A SYRIAN military helicopter fell in flames yesterday in Damascus after being hit by rebel fire, an opposition group said. State media confirmed the crash but did not cite its cause.

The Britain-based Syrian Observatory for Human Rights reported that the helicopter gunship was struck during fighting between troops and rebels in the eastern district of Jobar and fell in neighbouring Qaboun, where fighting intensified.

Rebels possess both anti-aircraft weapons and British-made Javelin surface-to-air shoulder-launched missiles capable of bringing down aircraft.

Last month rebels claimed to have shot down a Russian-manufactured MiG fighter plane near the Iraqi border, but the government said the crash was due to malfunction.

Helicopters constantly fly over the capital, tracking movements by rebel fighters generally based in outlying districts or the countryside.

The observatory said that 14 more bodies had been discovered in the southwestern town of Darayya where, it is claimed, between 200 and 320 people were killed during five days of shelling and mopping-up by troops. The government blamed rebels for the killings.

The Syrian state news agency Sana reported that 378 people detained for involvement in protests were released in both Damascus and Homs.

A video of Jordanian journalist Bashar Fahmi and Turkish cameraman Cuneyt Unal working for the US-operated al-Hurra channel has been broadcast by a pro-government television channel in Syria.

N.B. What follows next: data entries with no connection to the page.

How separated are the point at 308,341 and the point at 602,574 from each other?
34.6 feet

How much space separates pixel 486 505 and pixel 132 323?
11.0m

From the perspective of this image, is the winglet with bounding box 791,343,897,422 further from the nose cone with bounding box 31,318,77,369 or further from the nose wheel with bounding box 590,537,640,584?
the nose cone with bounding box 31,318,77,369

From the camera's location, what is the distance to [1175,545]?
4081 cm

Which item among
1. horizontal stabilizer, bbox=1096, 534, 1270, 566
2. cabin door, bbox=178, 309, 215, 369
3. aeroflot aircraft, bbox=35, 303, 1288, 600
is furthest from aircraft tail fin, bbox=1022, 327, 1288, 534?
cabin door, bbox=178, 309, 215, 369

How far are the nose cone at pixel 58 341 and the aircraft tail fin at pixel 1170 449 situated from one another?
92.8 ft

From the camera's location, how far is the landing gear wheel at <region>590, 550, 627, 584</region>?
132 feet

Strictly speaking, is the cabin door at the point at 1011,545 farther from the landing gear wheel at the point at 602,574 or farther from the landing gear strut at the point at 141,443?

The two men crossed into Syria with rebels and were said to have been captured by the army in Aleppo a week ago.

Turkish foreign minister Ahmet Davutoglu said Syria was responsible for Mr Unal’s wellbeing.

The United Nations children’s fund (Unicef) has appealed for $54 million (€43 million) to provide urgent aid for the tens of thousands of Syrian refugees arriving in Jordan, while the government called for long-term funding.

“Hosting over 150,000 Syrians is expected to cost . . . about $152 million annually to cover the increasing demand for basic services and other indirect costs, in addition to $56.7 million in the form of subsidies,” the government stated.

If the Syrians stay longer, $221 million would be needed for capital expenditures.

At present, 17,000 Syrians, half of them children, are housed in the UN-run Zaatari refugee camp in the north but this number is expected to rise to 70,000 by year’s end.

Unicef said conditions at the desert camp are “harsh, with scorching temperatures, no natural shade, and frequent sandstorms”.

Hundreds of Syrians have been stranded at a bus station on the Syrian side of the Bab al-Salama crossing into Turkey because Ankara refused them entry until there are places in refugee camps.

The Syrians are supplied with food and water by Turkish organisations while the rebels, who control the area, provide security.